Three more and I'm out for the season. Back here for one final round next week, same WNYX time, same WNYX channel.

Grade: "HOTH," B+; "PG," B+; "LZ," A-

Stray observations:

– Two instances of Dave's lines being overdubbed in post-production this week: "If Stewart comes by looking to get some, I'll direct him to your desk"; and "that's a typo — it's supposed to say pushy." That last one doesn't make any sense, does it?

– Matthew whirling around with his tray full of urine tea presages one of the best cold-open pratfalls of the entire show. "I used to be a waiter, I'm fine!"

– I barely mentioned Matthew in the body of this post, but in a sign that Newsradio gets the best out of every cast member when it's really cooking, Matthew is just hilarious in all three episodes. "Magic mouth coin? Give it up! … What's it do?" he enthuses, as he pops the quarter in his mouth … the one that Beth just told us Theo pulled out of her mouth "with his tooonnnngue." "Reggie!" he chuckles fondly as he speculates on which Archie Comics character Dave most resembles. "I hope this isn't out of line, but you have beautiful breasts," he observes woodenly while transfixed by Catherine's internet nudie shot. And coming out of the breakroom after weeping hysterically over Dave and Lisa's split, he explains, voice breaking, "Just lookin' for my chips … found 'em."

– Wanna know what I mean by the signature Newsradio shot? It's Theo sprinting away to get Beth some water from the first floor while she flops over in despair. But even more, it's Catherine chasing a screeching Joe through the frame just after Matthew claims that the office vibe is like a morgue.

Hey, It's 1996! Special Triple-Sized Edition: Melrose Place, the Unabomber manifesto, cheesecake shots of Teri Hatcher, Winona Ryder, Wynona Judd, Melanie Griffith and Antonio Banderas, Bridges of Madison County.

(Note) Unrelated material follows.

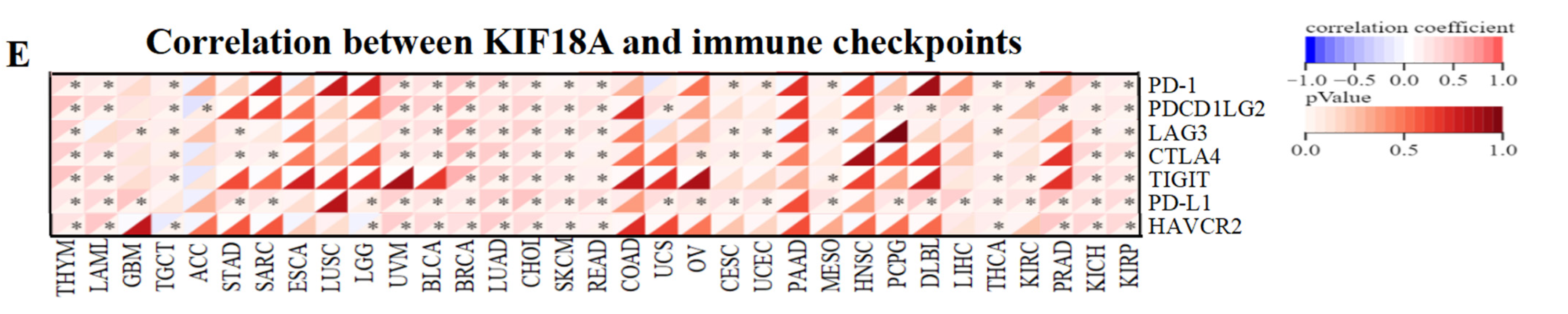 Biomolecules 13 00326 g005d Biomolecules 13 00326 g005d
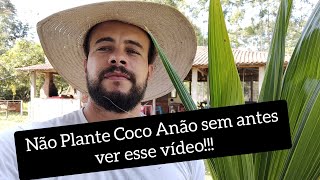 COMO PLANTAR MUDA DE COCO ANÃO - (Boteco do véio parte 3) - Plantar muda de COCO do JEITO CERTO.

– It's time the men got some wardrobe love. Cheers for Dave in that tailored black suit in "HOTH"! Cheers for Joe's not-too-sloppy untucked shirts! Jeers for Bill's three-piece brown number in "LZ." And I'll let the Y-chromosome holders among us critique Lisa's underwear. Within reason.

– Why is there a picture of Martin Luther on the banquette where Lisa, Dave, and Stewart are having dinner?

– "Hello Cleveland! Are you ready? Here comes Grand … Funk … Railroad!"